Socioeconomic inequalities in health
SYRI researchers analyzed subjective health characteristics among Ukrainian women, focusing primarily on female with university education. The research showed that negative health perceptions on the part of Ukrainian women are influenced by, for example, a higher number of close relatives, low ability to get help, or small household size.
In terms of financial capital, a relationship between health and material deprivation is evident. Simply put, the less money, the greater the deprivation. "This is easy to understand, but some of the other findings are surprising. The data showed us that the health of women not in paid work is better than those in paid work. This seems to be mainly related to the following facts. Some women are socio-economically well off and do not need to take any job, while many women do not go to work because they are considering returning and do not want to "invest in a new job". Last but not least, it is also a problem to find a suitable job according to, for example, educational qualifications, and this is doubly true for those with university qualifications. If migrants are offered employment on the labour market, it is mostly manual work that does not require higher qualifications," Dzúrová said.
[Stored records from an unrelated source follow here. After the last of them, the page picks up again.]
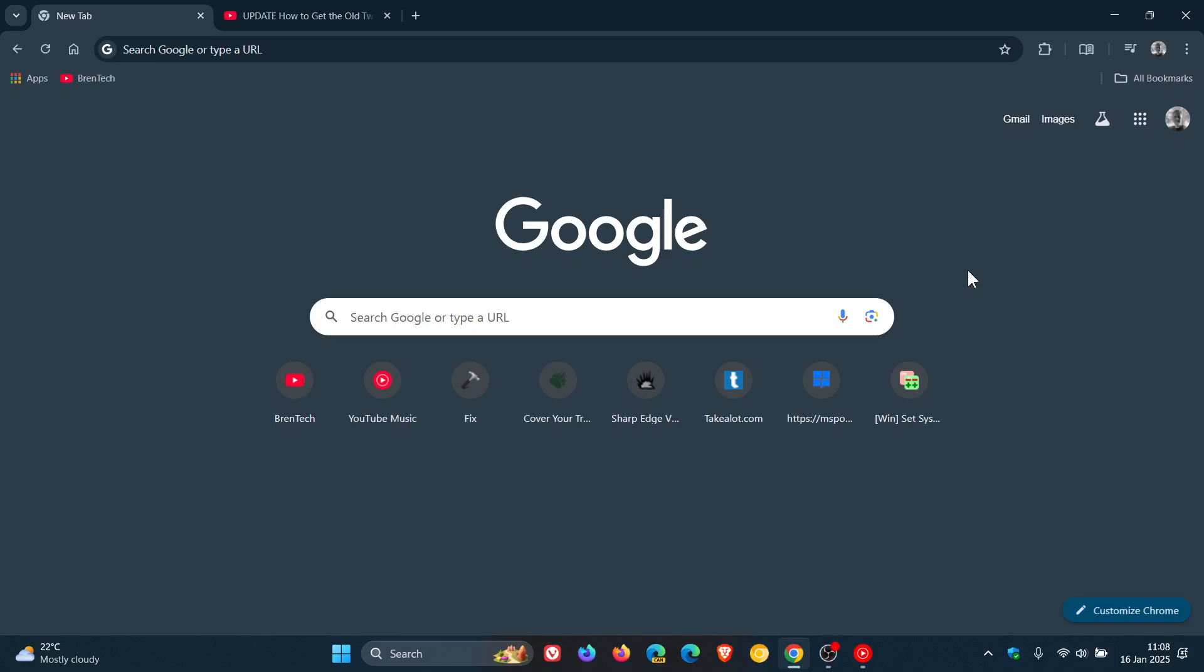Hi, Brent Tech here where Tech is Made Simple. So it seems that Google has done it again and has removed the flag that was used to enable the old two-row shortcut layout on Chrome's new tab page.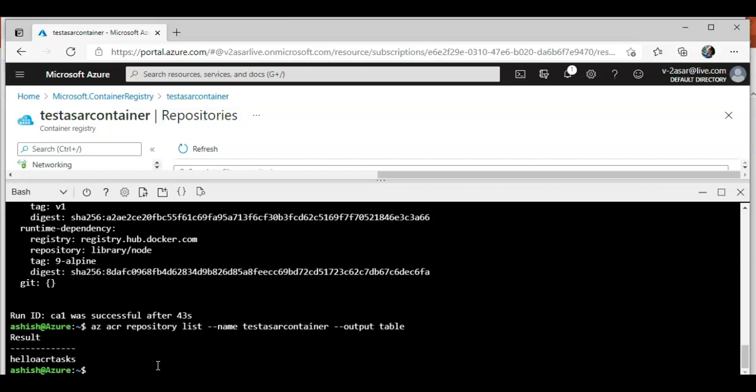So now you know how we create an image using the Azure CLI and then how we use this to deploy to the Azure Container Registry Task. I hope this was informative for all of you guys. If you have any queries, please mention them in the comment section and I'll see you guys in the next video. Thank you, have a good day.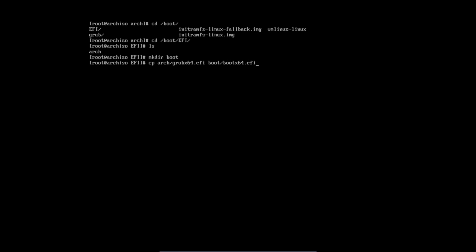What you get is a folder called boot, and what you have in here is the same thing as grubx64 but renamed to bootx64.efi. That's all there is to do, and we can now continue with the Arch wiki.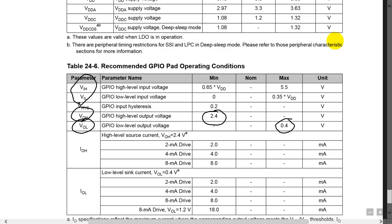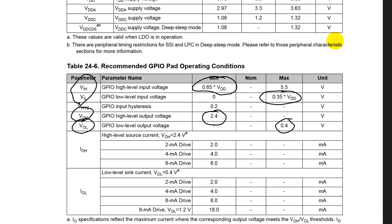Similarly, we can see what voltages it considers high and low for the inputs — these are the VIH and VIL. We can use these equations to calculate what voltages the microcontroller will consider an input high or an input low. There we have it.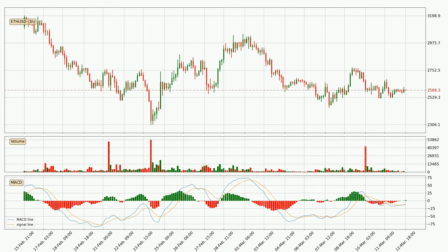In general, the larger timeframes have a greater impact on the price, so please remember that when we display different timeframes with different indicators. Also, the shorter timeframes are only representative of short-term trading.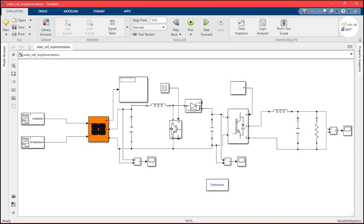I have created the Simulink model for the solar power generation system by adding the respective elements. If you are wondering how to implement the circuit in Simulink, please look at our Simulink fundamental course — the link is given in the description. If you face any difficulty and want to access the Simulink model, visit the blog with a link in the description and purchase the blog resources along with a short report.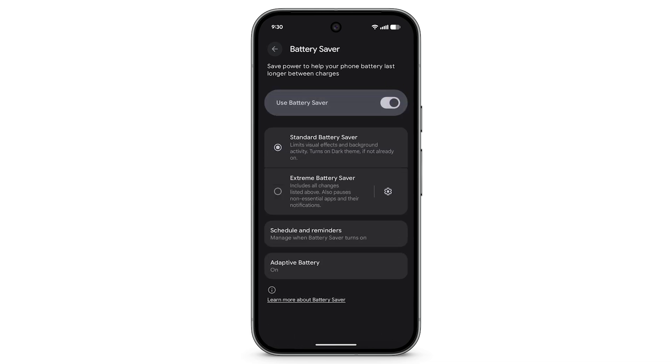Turning on Battery Saver enables dark theme and limits certain features. To manage Battery Saver options and notifications, tap Schedule and Reminders.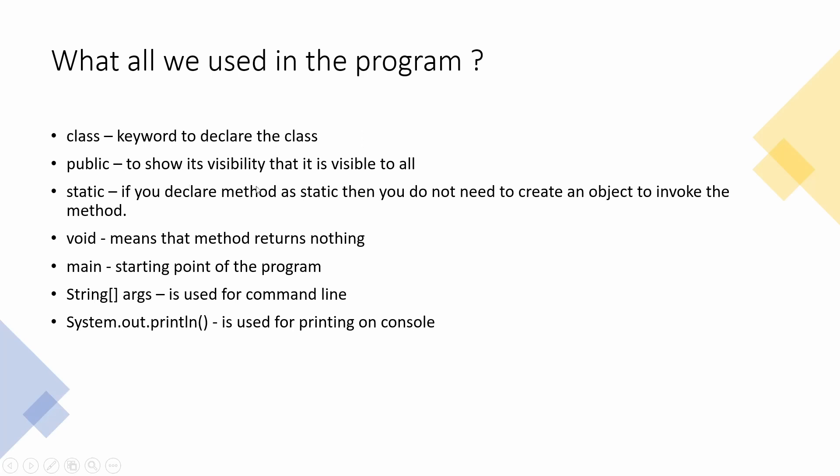Static, when you declare a method as static, what happens is that you don't need to make an object and access the method. If suppose the method is non-static, suppose I'm adding two numbers and I've written a method add, if I don't make it static I have to create an object of the class and then access the method.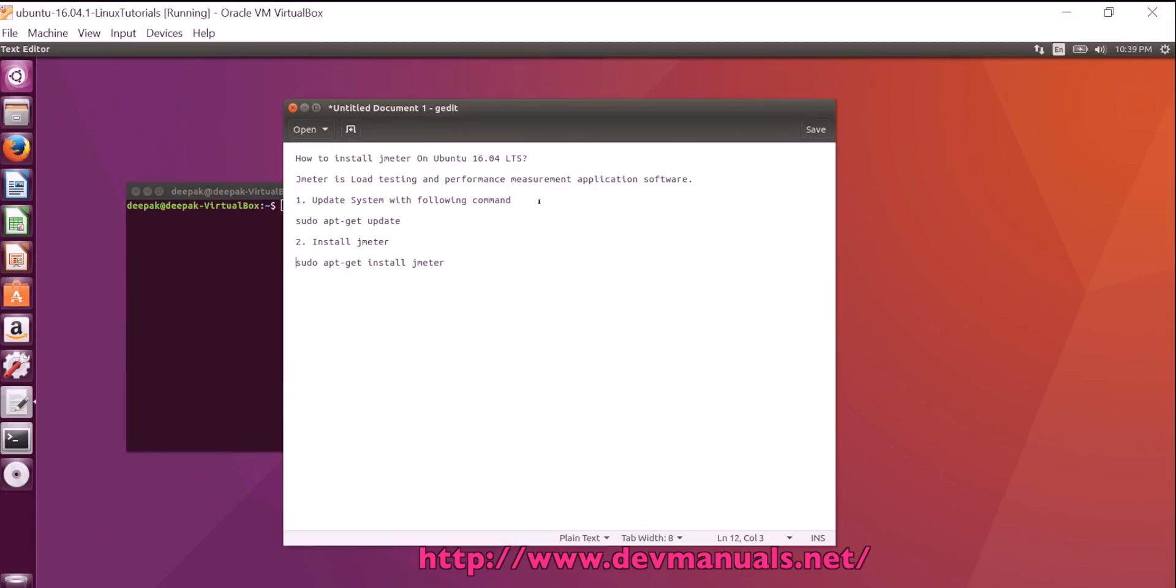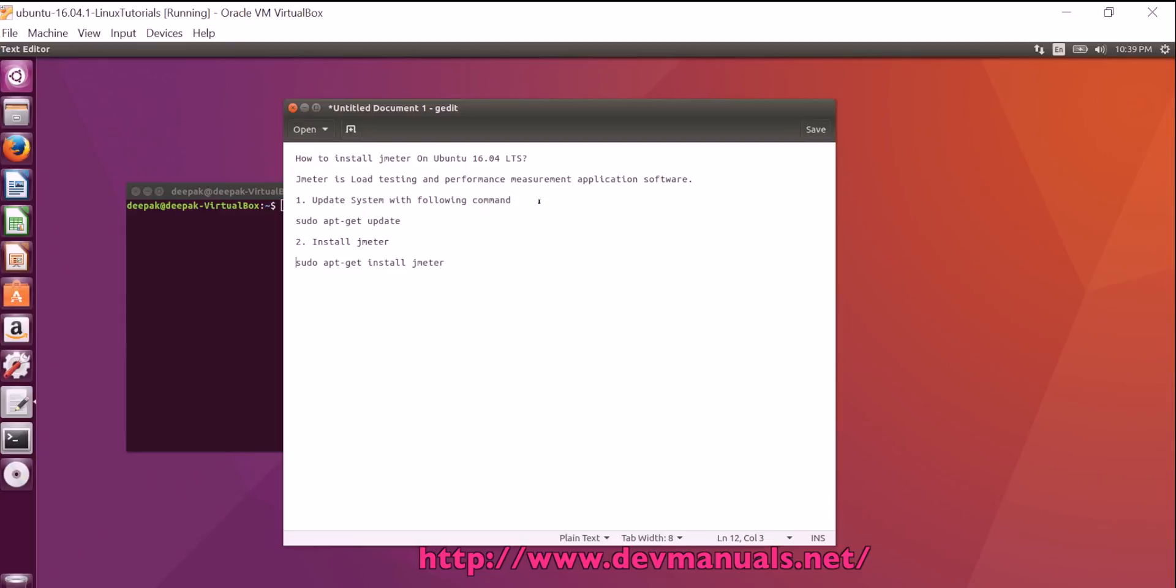How to install Jmeter on Ubuntu 16.04 LTS? Jmeter is a load testing and performance measurement application software. In this tutorial, I'll teach you how you can install Jmeter on Ubuntu 16.04 LTS with the help of apt-get commands.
Researchers have so far focused on labour migration and family migration, which have a long tradition among Ukrainians. "Focusing research on war refugees from Ukraine builds on these findings, although it is a completely different research challenge. Labor migration is premeditated, planned, and targeted to expand economic capital, but refugee migration is spontaneous, unprepared, and targeted to protect one's life from war aggression," Dzúrová said.
Ukrainian refugees experience stressful situations as a result of war, migration and displacement. In addition to physical and mental health, social health is also important for refugees as they are often separated from family members and friends. The researchers sought to assess the impact of economic situation and social support on subjective perceptions of health. The results showed that humanitarian and integration efforts are still not seamless and further evaluation of the situation is therefore necessary.
In the first year of the war in Ukraine, Czechia received almost half a million Ukrainian refugees. Most of them in the first months after the outbreak of the conflict. Their distribution within Czechia was very regionally differentiated, with refugees heading mainly to large cities. While for some regions this was a great organisational and financial burden, in other regions some of the capacities offered remained unused.